To reflect actual history, it should be possible to upgrade warships... but it should take just as long as it would to build a brand new ship.
Cesare - 4 years to build (1910-14), 4 years to refit (1933-37).
Cavour - 5 years to build (1910-15), 4 years to refit (1933-37).
Duilio - 3 years to build (1912-15), 3 years to refit (1937-40).
Doria - 4 years to build (1912-16), 3 years to refit (1937-40).
Kongo - 2 years to build (1911-13), 4 years to refit (1929-31 & 1935-37).
Hiei - 3 years to build (1911-14), 4 years to refit (1936-40).
Haruna - 3 years to build (1912-15), 2 years to refit (1927-28 & 1933-34).
Kirishima - 3 years to build (1912-15), 5 years to refit (1927-30 & 1934-36).
Conclusion: in game terms, you can represent upgrading a warship by disbanding the unit and building a new one in its place. It has exactly the same effect in practical terms.
(And the reason why countries upgraded their battleships like this between the wars has nothing to do with how useful it was from a military point of view: it was all to do with naval treaties and budget cuts and politics, making it easier to justify the Navy spending public money on "modernising" existing ships rather than on building new ones.)
Posters have come up with a handful of examples as justification for upgrading a battleship in-game. I think they are missing the point. Those upgrades took years to do, yet they want it to happen in the game instantaneously. One day you have one type of battleship, then the next it is suddenly a totally new and improved class? That makes no sense.
If it was to be realistic to any degree, that ship would have to be pulled out of operation and laid up for at least a year, maybe more. And during that time it would be vulnerable to air attack or supply difficulties. It would be a huge capital expenditure in man-hours and materials. In other words, pretty much the exact same thing, in game terms, as building a new one. With the added bonus of not leaving it vulnerable to attack during all that time in drydock, and another bonus of not tying up one of your ports to some degree.

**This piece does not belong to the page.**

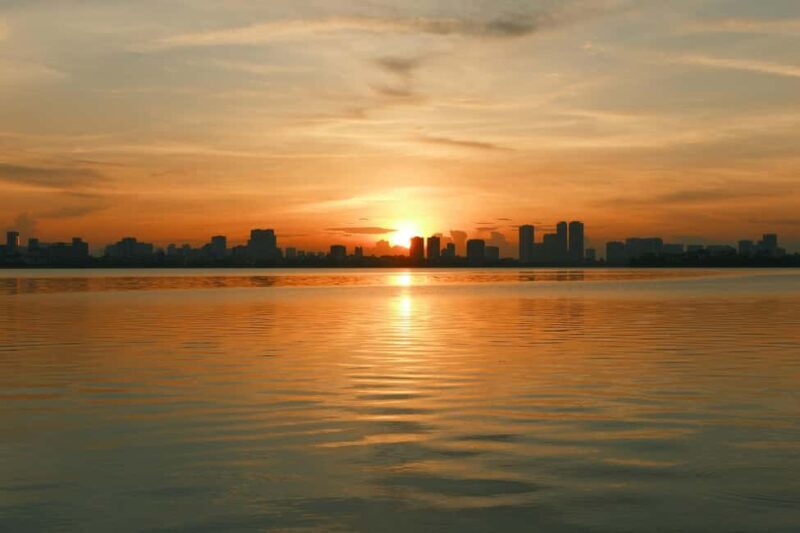 Hanoi Half-Day West Lake Cycling: Pagodas, Sunset & Bites - Who Will Love This Tour?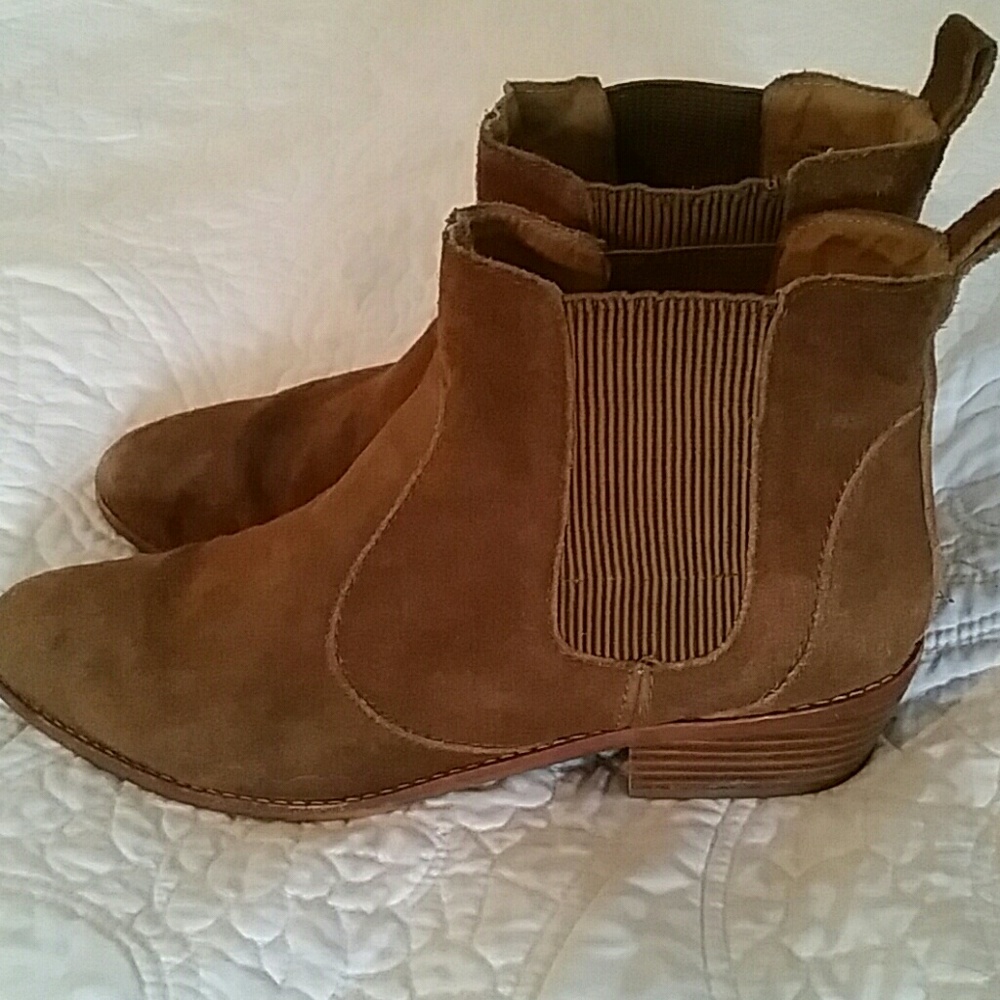 Gap suede ankle boots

It should be telling that these sort of massive refits were not done during the war, and were usually done by countries that had more difficulty in building a ship from scratch so they sought a shortcut, though in the long run the improved ship was no better than a new design and probably worse.
I do note somewhat of an exception in adding torpedo bulges which almost everyone did, but they weren't massive re-designs, just add-ons to the existing hull.